Dedi ve şoförünün yanında beklediği aracına doğru ilerledi.
Aslan, sinirle elini yumruk yapınca bakışlarım eline kilitlendi. Hızla yanına gidip, sıkmaktan bembeyaz kesilmiş elini iki avucumun içine aldım ve açmasını sağladım.
Aslan, konu annesi ise; gözümde küçük, yaralı bir çocuktan farksızdı.
Hala kadının arkasından put kesilmiş bakarken, daha fazla magazincilere malzeme vermek istemediğim için elini hafifçe sıktım.
- Aslan, hadi içeri girelim.
Dedim.
Aslan, sesimle sanki yanında olduğumu yeni fark etmiş gibi birden bana döndü. Bakışlarından kafasının karışık olduğu belli olan adamın gözleri bir çok duyguyu aynı anda barındırıyordu..
Öfke, hüzün, şaşkınlık.. Ama en çok öfke!
Sonra bakışları önce üzerime, sonra ayaklarıma kaydığında korkuyla yutkundum. Çünkü üzerimde sabahlıkla, çıplak ayak peşlerine takılmıştım.
Yarın sabahki magazin bülteninde şimdiden bu halimin fotoğraflarını görür gibiydim.
Hemen korkuyla açıklamaya çalışsamda, Aslan beni susturarak hızla kucağına aldı ve tekrar odamın yolunu tuttu. Çaresiz sessizce ona ayak uydurdum.

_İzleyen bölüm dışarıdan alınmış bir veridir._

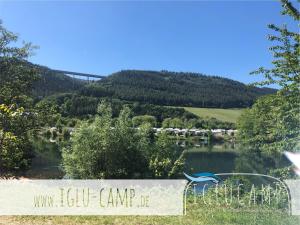 um sinal em frente a um lago com uma ponte ao fundo em Iglu Camp Triolago em Riol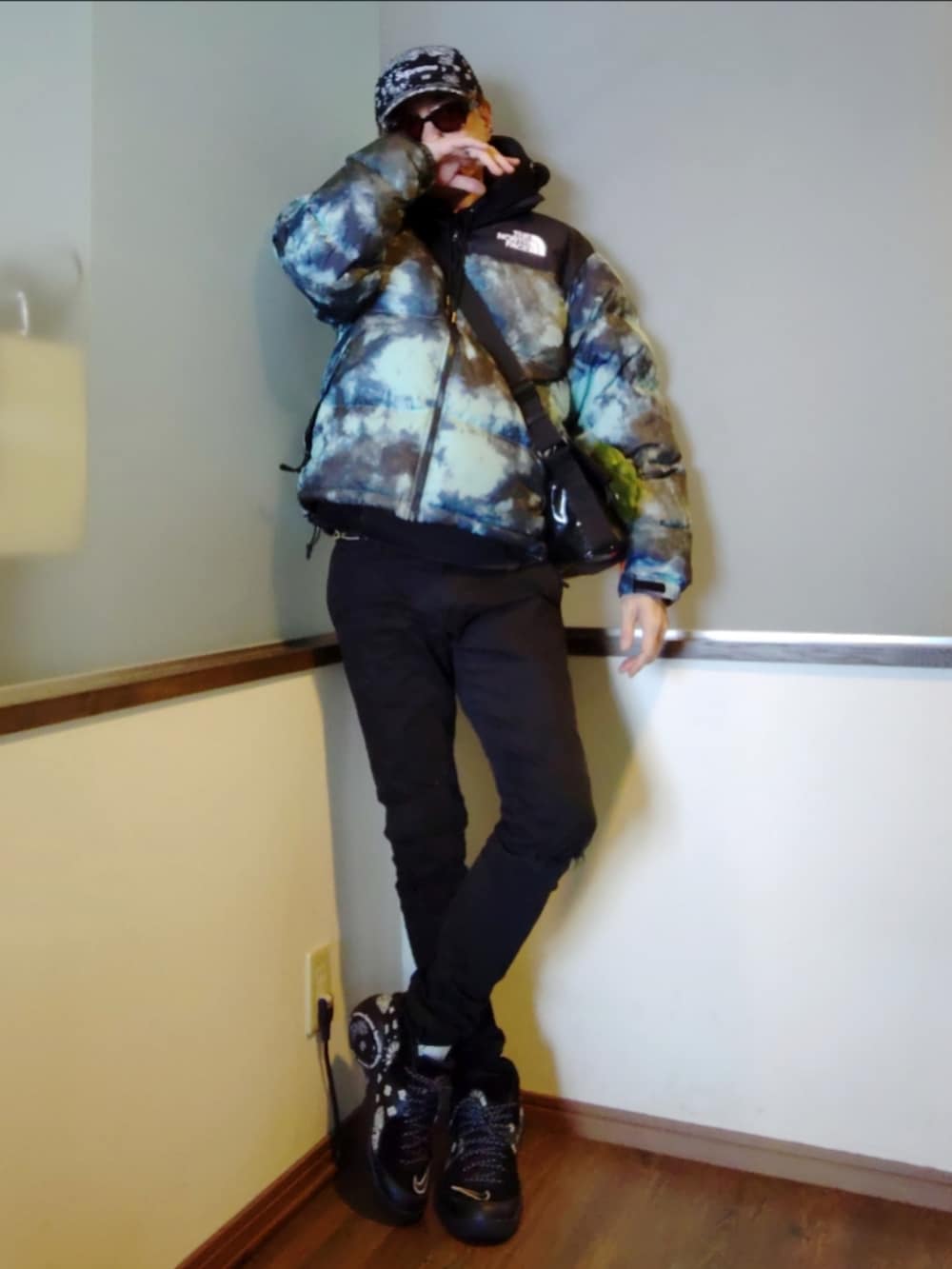 ブルー系のダウンジャケット/コート、ブラック系のパーカー、ブラック系のデニムパンツを着用したメンズの冬コーディネートの3枚目の写真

Odama geldiğimizde; önce beni banyoma götürdü. Duşa kabinin içerisine soktu ve acıtmaktan korkar gibi, narince ayaklarımı yıkadı. Bu sessizliği beni korkuturken, ona yaşadıklarını sindirmesi için biraz zaman tanımak istedim ve bekledim.
Banyoda işimiz bitince tekrar beni kucağına alarak, odamdaki oturma grubuna götürdü ve oturttu. Kendisi ise; tekrar banyoya döndü ve çok geçmeden elinde ilk yardım çantası ile geri döndü.
Ayaklarıma sakince batikon sürerken sakinleştiğini düşünüp, söze girdim.
- İyi misin?
- İyiyim, neden iyi olmayayım ki? Sonuçta kim evleneceği güne böyle başlamak istemez ki?! Ben böylesine bok gibi hissederken seni düşünemiyorum bile! Şuna bak; ayakların paramparça!!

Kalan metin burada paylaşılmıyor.